Congressional Action Poses Long Term Risk to Conservation
Trump’s Administration will do some damage with the way it manages our public lands, but what Congress does to our public lands and wildlife probably will have deeper and more lasting impacts. The Republican-controlled Congress is likely to take advantage of having Trump in the White House and pass legislation it could not get through the White House under Obama. Looking at the past few years of attempted Congressional efforts to undermine conservation as a guide, you can expect Congress to try to restrict or toss out the Antiquities Act. Presidents have used the Antiquities Act to protect some of our most cherished landscapes, including the Grand Canyon and Joshua Tree National Park.
Congress is also determined to dispose of public lands by handing them over to the states, and there are bills in Congress right now that would do just that. One bill would transfer millions of acres of desert wildlands to the state of Nevada, which would inevitably sell the land to private interests or open them up to more industrial development. Another bill would let states decide what to do with energy resources on public lands, which would turn our open landscapes into an industrial free-for-all.
The Endangered Species Act is also under the gun, and Congress has already repeated tried to roll back protections for animals that need them, such as wolves and sage grouse. Any animal that gets in the way of an energy project or housing development is likely to be targeted by lobbyists in Washington seeking to smooth the way for corporate interests. Congress can continue to attack protections for individual species, or may attempt to rewrite the Endangered Species Act altogether in a way that weakens the law.
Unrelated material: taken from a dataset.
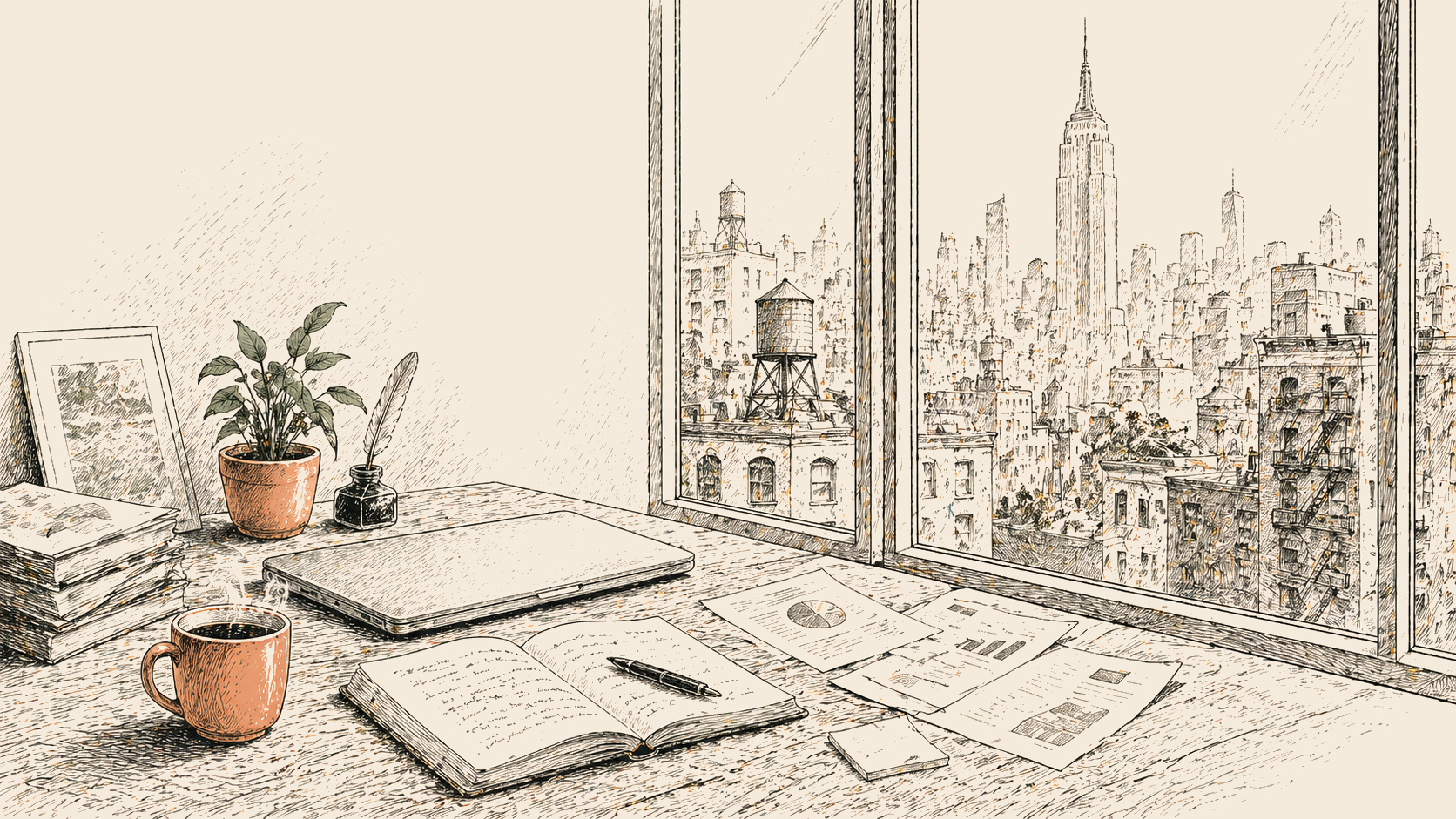 Everything for SNS creators in the AI era — pen editorial illustration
Other wildlife protection laws like the Migratory Bird Treaty Act (MBTA) and the Bald and Golden Eagle Protection Act (BGEPA) may also come under attack in Congress. A Republican Congressperson from South Carolina has tried repeatedly to pass legislation that would bar the Department of Justice from enforcing the Migratory Bird Treaty Act, giving companies a blank check to build risky and destructive energy projects in key bird habitat.
Congress’ role setting the Federal budget will also have sweeping impacts. It has been a fight just to appropriately fund the National Park Service, with infrastructure maintenance being deferred at some of our most popular parks. Will we see relief under a Congress that falsely tells voters that national parks and monuments represent “land grabs?” You can also expect Congress to cut funds to the Environmental Protection Agency and its programs that enforce clean air and water rules.
We will have to be more vigilant than ever and speak up for our desert wildlands whenever the White House and Congress consider weakening these pillars of conservation. We have to vote for officials – from the local level all the way to our Federal representatives – that understand the importance of keeping public lands in public hands, and protecting our natural open spaces for the current and future generations. When we’re not at the ballot box, we should be voting with our wallets. Making energy efficient homes and businesses a priority so that we are not dependent on dirty and destructive power plants. Buying the goods we need from companies that respect our wildlands, or just not purchasing at all to lead a less materialistic way of life. Last but not least – vote with your hiking boots. We should get outside and enjoy our wildlands – we will need the strength and inspiration for the fight we have ahead of us.